California governor, key lawmakers reach budget agreement

While the Legislature has already passed a budget this month, it needed to reach an agreement with Governor Gavin Newsom on a final budget.

SACRAMENTO, Calif. (CN) — California’s governor and top Democratic lawmakers announced Saturday that they’d reached an agreement on the fiscal year 2024-25 budget.

The agreement calls for $297.9 billion in expenditures for the fiscal year, which starts July 1. It also bridges a $46.8 billion deficit through a series of cuts, fund shifts, delayed spending and pulling from reserves.

One component key to many legislators was $1 billion for the homeless housing assistance and prevention program, which Governor Gavin Newsom had cut from his budget. Lawmakers added it back and it is included in the agreement announced Saturday.

Part of the solution in reaching the agreement, and bridging the deficit gap, is the inclusion of a trigger to implement a $25 minimum wage for qualifying health care workers, as well as changes that will exempt state facilities.

“This agreement sets the state on a path for long-term fiscal stability — addressing the current shortfall and strengthening budget resilience down the road,” Newsom said in a statement. “We’re making sure to preserve programs that serve millions of Californians, including key funding for education, health care, expanded behavioral health services and combatting homelessness.”
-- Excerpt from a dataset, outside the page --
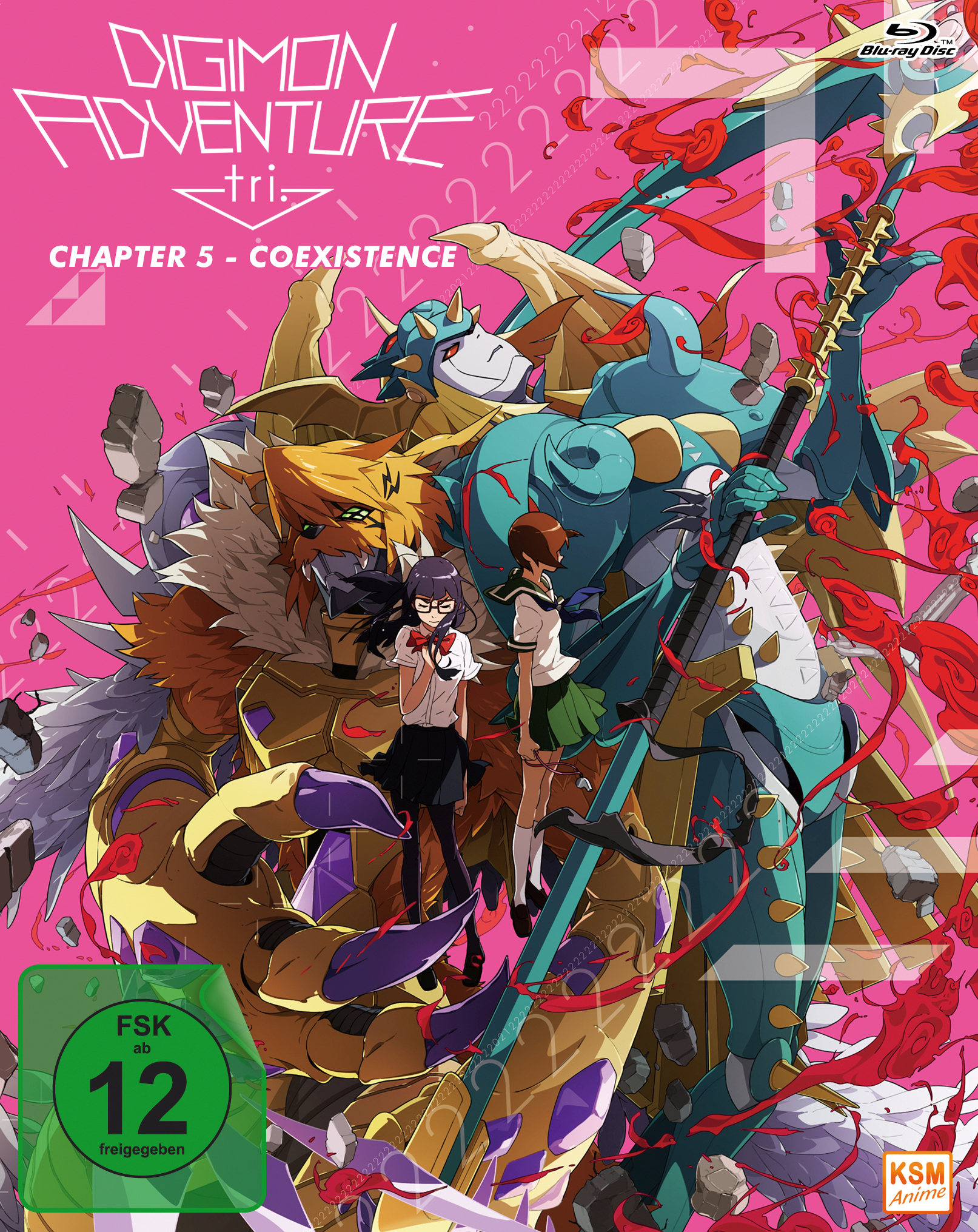 Digimon Adventure tri. Chapter 5 - Coexistence im FuturePak Blu-ray Cover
Newsom and top Democrats touted the agreement for filling the 2024-25 budget hole, as well as an anticipated gap in 2025-26.

Additionally, the budget deal calls for a new law that would require California to put aside portions of expected surplus dollars, to be spent in a future budget. This would add more protection to state coffers, as lawmakers couldn’t designate future revenues for specific items until the money has been collected.
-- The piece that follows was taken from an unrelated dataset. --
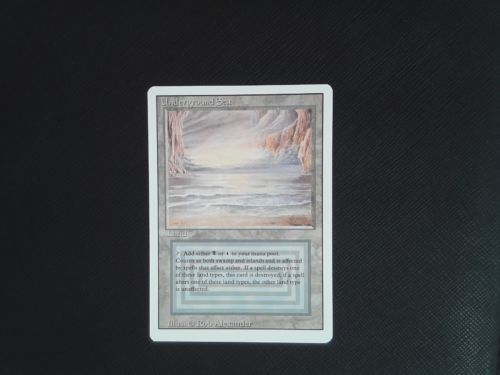 Underground Sea - FWB Revised Italian - Magic - MTG - BGS 9.5 Quad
Lawmakers have been facing a massive budget deficit since late last year, when the state Legislative Analyst’s Office first revealed a deficit it later said reached as high as $73 billion. Newsom disagreed with that estimate, saying the shortfall was instead around $38 billion.

Regardless of which estimate was used, legislators knew cuts were coming.

Sixteen billion dollars of the total $46.8 billion deficit fix are cuts.

Those cuts include reducing state operations by 7.95% in the new fiscal year to almost all departments. Cuts in personnel, operating costs and contracting fees are expected to save $2.17 billion.

Another $1.5 billion in savings will come from reducing department budgets for vacant positions.

The Legislature had called for $1 billion in cuts from the California Department of Corrections and Rehabilitation. Lawmakers cited a growing budget for the department over the years despite having fewer prisoners. The budget agreement calls for a $750 million reduction.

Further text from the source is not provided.